After years of wrangling and well over $100,000, the relatively new “missing link” sidewalks along Alexander and Wallace roads are a great improvement, but so close to the road as to be very scary. I would never have let my children on them. Why can’t the citizens who pay for the $5 million planned municipal building improvements for our public servants (The News, June 7) have broad and inviting sidewalks, with plenty of road setback, on either side of every main road so people can enjoy walking around their town?
Perhaps if these workers were forced out for an hour’s walk each day, as we, the citizens are, on our dangerous and uninviting roadways and sidewalks, they would put more priority on our comfort.
I watched adults who tried to make their way from the train station up Washington Road, only to find the sidewalk discontinuous on one side and largely missing on the other.

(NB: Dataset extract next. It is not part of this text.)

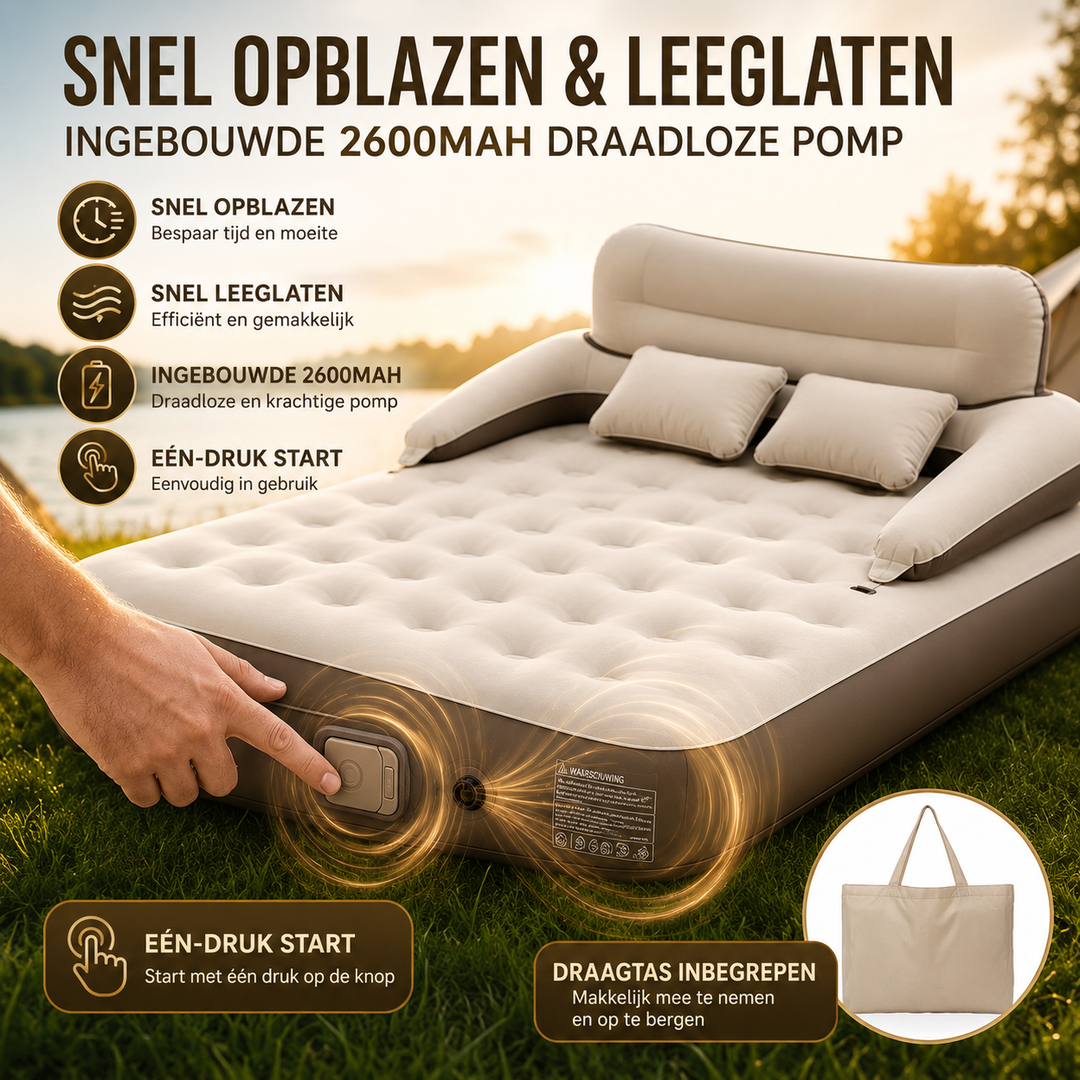 Luxe Luchtbed met Pomp & Rugleuning | Inclusief Kussens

I saw middle-school aged children, off for an adventure on their bicycle from Birchwood Estates, unable to find a safe path down to the library a short half-mile away. The road widened in the last few years is a great improvement, but is the town too impoverished to install sidewalks for our own children?
I saw high school-aged children trying to walk from the new apartment complex on Clarksville Road to High School South, turned back by roaring traffic on the narrow bridge over the railroad tracks. Could not a bicycle or pedestrian bridge be built so that they could get to town and those of us in town could get to the soon to be opened Jewish Community Center and Meadow Park? Lots of students were walking from High School South into the main part on town to patronize the new shops, many on the road due to the terrible Washington Road conditions up in that area.

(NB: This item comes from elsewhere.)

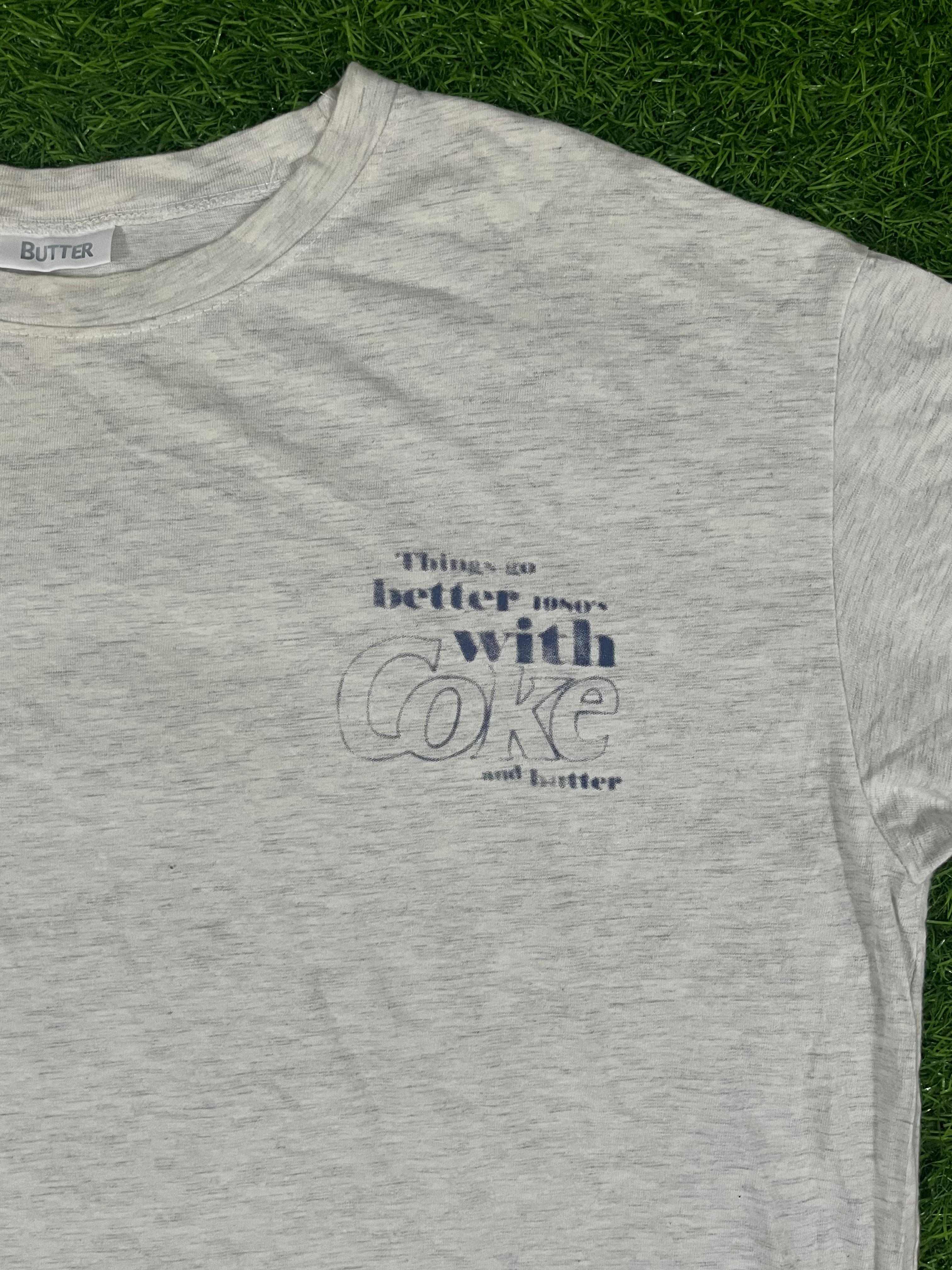 Butter x Coke Vintage Graphic Tee – Grey (1980s Retro Print | XL Fit)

Even the toughest of young male athletes are afraid to walk on that narrow ribbon of concrete leading east on Washington with the telephone poles periodically planted squarely in the middle of it, inches from roaring traffic.
Perhaps open space to some means grand sweeps of grass, devoid of human activity, suitable for flashing electric signs glimpsed imperfectly at dangerous intersections while encased in their car that say things like “See our website for town information!”
I suspect most of us would prefer our open space were we travel each and every day of our lives: wide road shoulders for adult bicyclists and joggers and wide and inviting sidewalks for child cyclists, mom’s pushing carriages, dad’s headed to the train, and children headed back and forth to the library, schools, playgrounds, and sports fields.
We have been blessed with a compact town, a gorgeous eastern woodland ecosystem and a wealthy, well-educated populace. Can’t we harness these blessings so that we can get safely out and about without an automobile on the numerous short trips we all take each day?